- Venue: Peristeri Olympic Boxing Hall
- Date: 18–29 August 2004
- Competitors: 29 from 29 nations

Medalists
- 1st place, gold medalist(s):  / Yan Bartelemí / Cuba
- 2nd place, silver medalist(s):  / Atagün Yalçınkaya / Turkey
- 3rd place, bronze medalist(s):  / Zou Shiming / China
- 3rd place, bronze medalist(s):  / Sergey Kazakov / Russia

= Boxing at the 2004 Summer Olympics – Light flyweight =

Boxing competitions

The light flyweight boxing competition at the 2004 Summer Olympics in Athens was held from 18 to 29 August at Peristeri Olympic Boxing Hall. This is limited to those boxers weighing less than 48 kilograms.

==Competition format==
Like all Olympic boxing events, the competition was a straight single-elimination tournament. This event consisted of 29 boxers who have qualified for the competition through various tournaments held in 2003 and 2004. The competition began with a preliminary round on 18 August, where the number of competitors was reduced to 16, and concluded with the final on 29 August. As there were fewer than 32 boxers in the competition, a number of boxers received a bye through the preliminary round. Both semi-final losers were awarded bronze medals.

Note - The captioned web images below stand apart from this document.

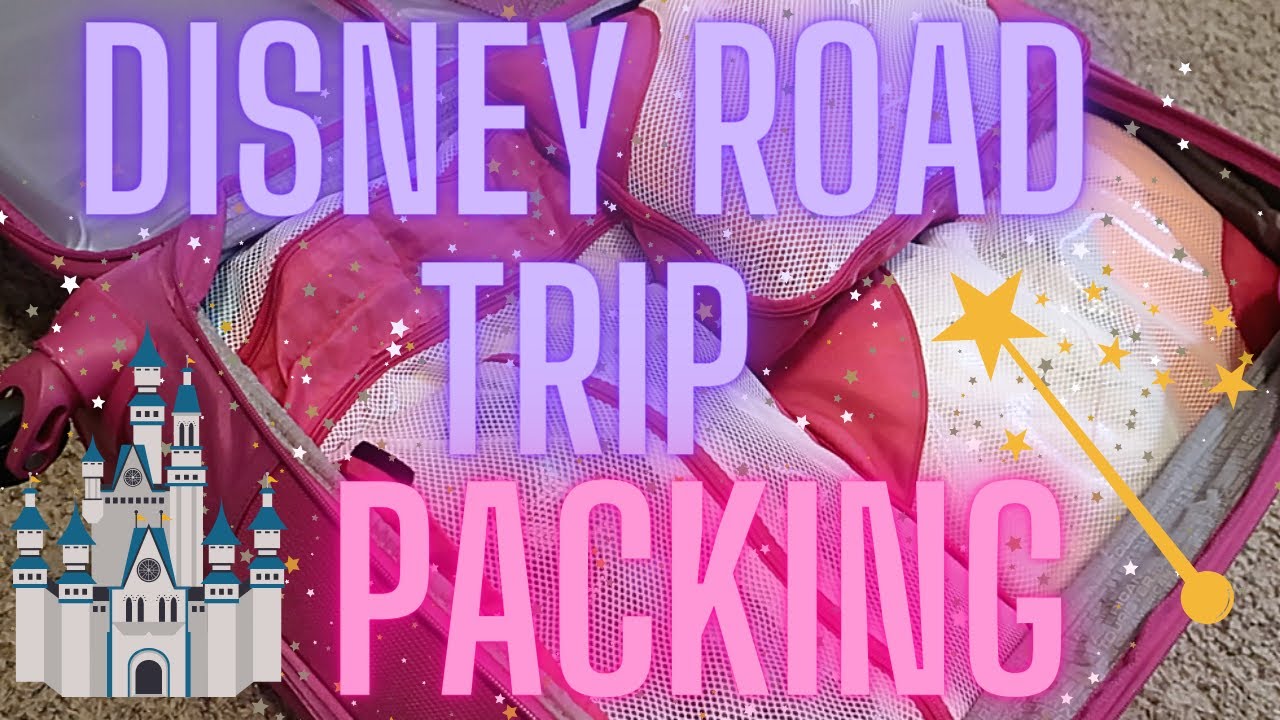 PACKING FOR DISNEY WORLD | MOM SUITCASE WITH GIRLS for ROAD TRIP VACATION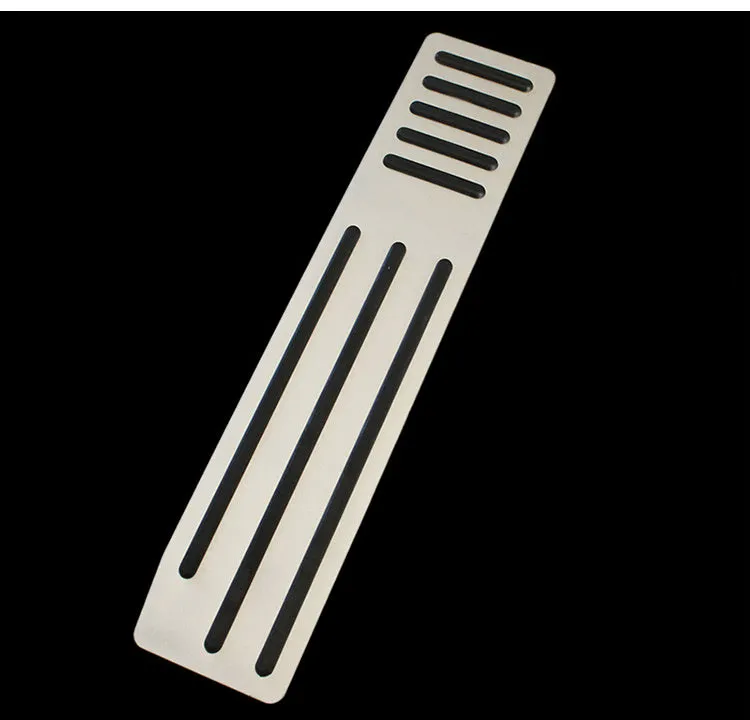 Silver stainless steel throttle and brake pedal set for Tesla Model 3 X S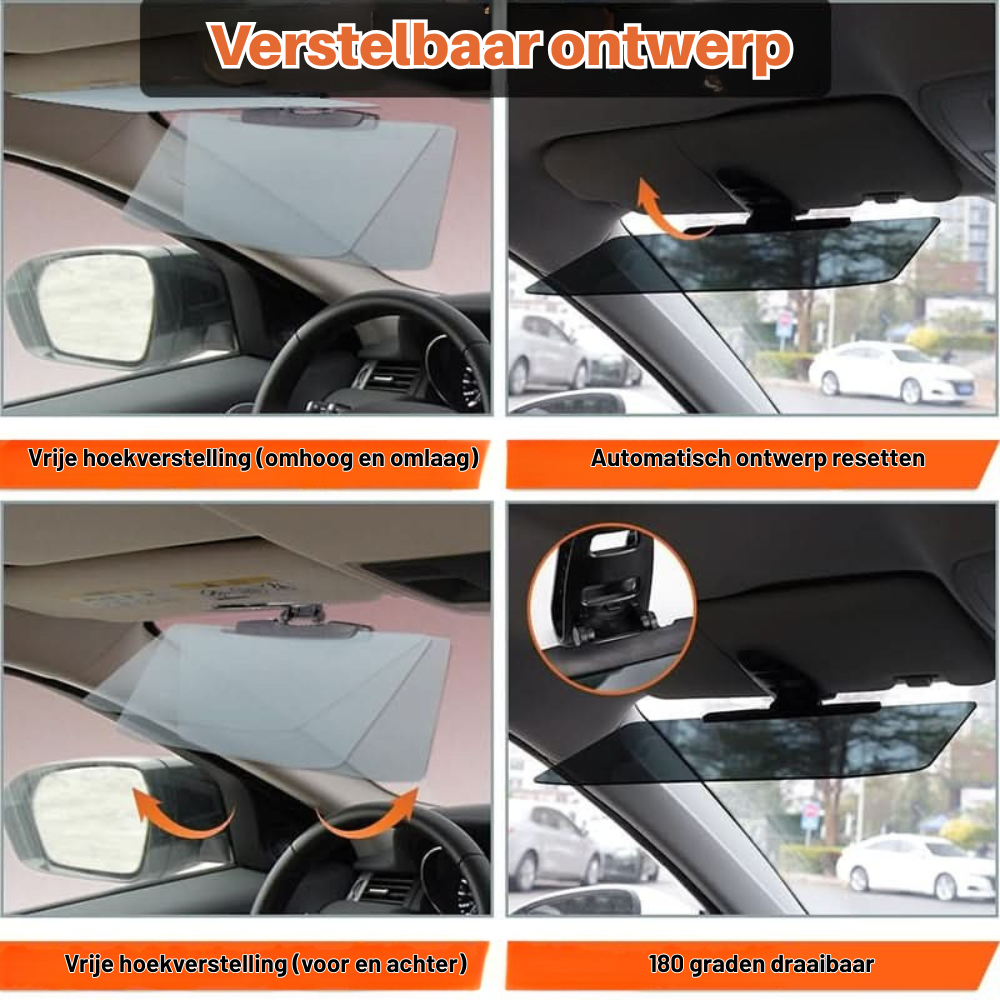 ClearView Drive – Anti-Glare Zonneklep | 50% KORTING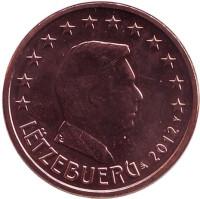 Монета 5 центов. 2012 год, Люксембург.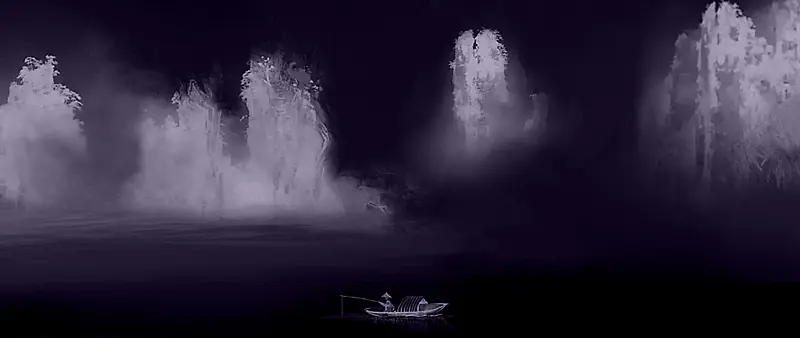 水墨漓江背景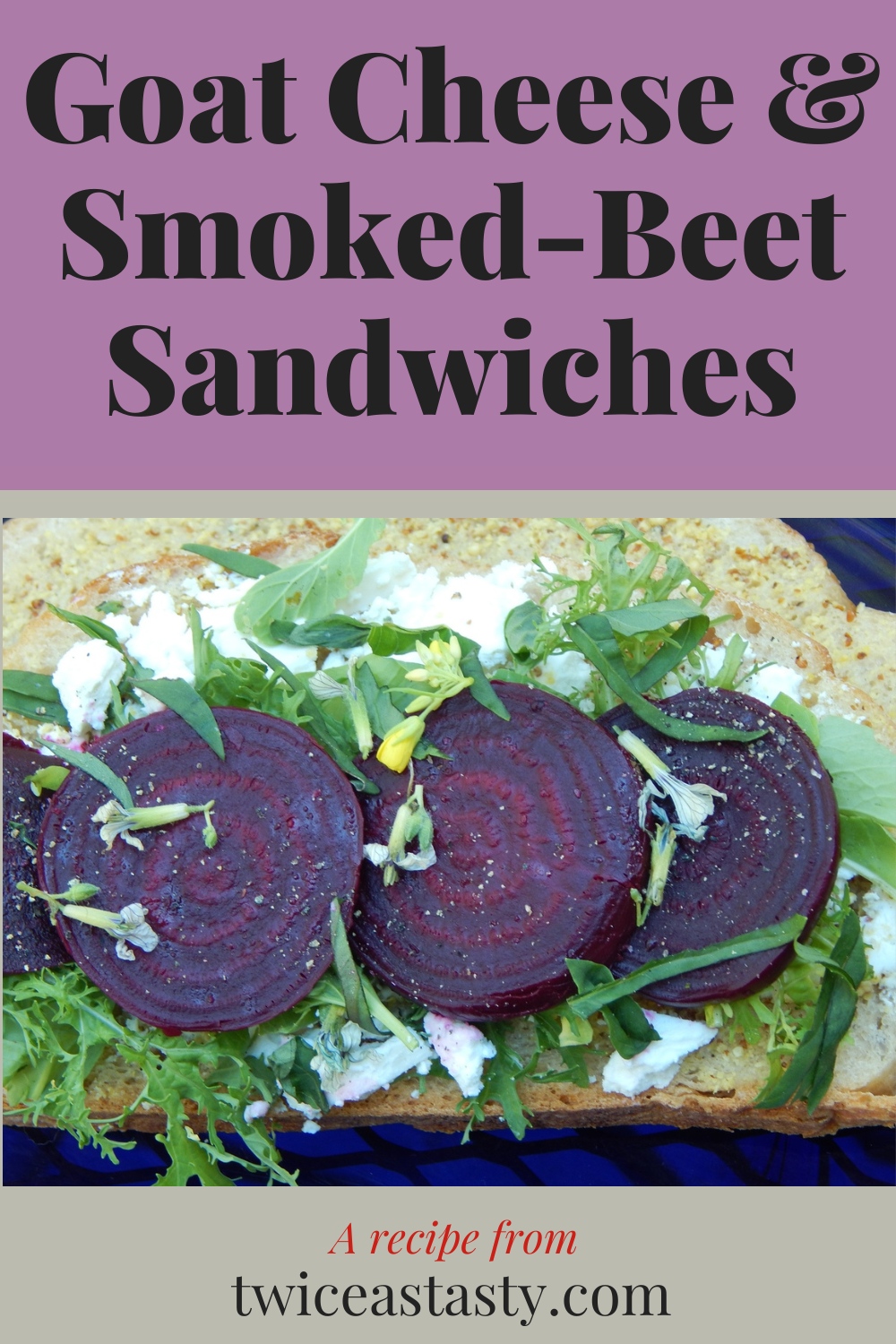 The flavor and texture of smoked beets make them a natural fit for a vegetarian Reuben, but you can slide them in with any sandwich fixings. Get sandwich filling recipes at TwiceasTasty.com.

All bouts consisted of four rounds of two minutes each, with one-minute breaks between rounds. Punches scored only if the white area on the front of the glove made full contact with the front of the head or torso of the opponent. Five judges scored each bout; three of the judges had to signal a scoring punch within one second for the punch to score. The winner of the bout was the boxer who scored the most valid punches by the end of the bout.

== Schedule ==
All times are Greece Standard Time (UTC+2)

| Date | Time | Round |
|---|---|---|
| Wednesday, 18 August 2004 | 13:30 & 19:30 | Round of 32 |
| Saturday, 21 August 2004 | 19:30 | Round of 16 |
| Tuesday, 24 August 2004 | 19:30 | Quarterfinals |
| Friday, 27 August 2004 | 19:30 | Semifinals |
| Sunday, 29 August 2004 | 13:30 | Final |

==Qualifying athletes==

| Athlete | Country |
|---|---|
| Peter Wakefield | Australia |
| Joseph Jermia | Namibia |
| Raúl Castañeda | Mexico |
| Sergey Kazakov | Russia |
| Patricio Calero | Ecuador |
| Carlos Tamara | Colombia |
| Redouane Bouchtouk | Morocco |
| Effiong Okon | Nigeria |
| Alfonso Pinto | Italy |
| Atagün Yalçınkaya | Turkey |
| Jolly Katongole | Uganda |
| Pál Bedák | Hungary |
| Jeyhun Abiyev | Azerbaijan |
| Rau'shee Warren | United States |
| Zou Shiming | China |
| Endalkachew Kebede | Ethiopia |
| Toshiyuki Igarashi | Japan |
| Najah Ali | Iraq |
| Kwak Hyok-Ju | North Korea |
| Aleksan Nalbandyan | Armenia |
| Redouane Asloum | France |
| Hong Moo-Won | South Korea |
| Lalaina Rabenarivo | Madagascar |
| Sherali Dostiev | Tajikistan |
| Harry Tañamor | Philippines |
| Yan Bartelemí | Cuba |
| Miguel Ángel Miranda | Venezuela |
| Suban Pannon | Thailand |
| Salim Salimov | Bulgaria |

==Results==

- Notes
- Najah Salah Ali (IRQ) received a wild card from the IOC.
- Toshiyuki Igarashi (JPN) replaced Noman Karim (PAK) as a lucky loser, because the Pakistani fighter dropped "due to technical reasons".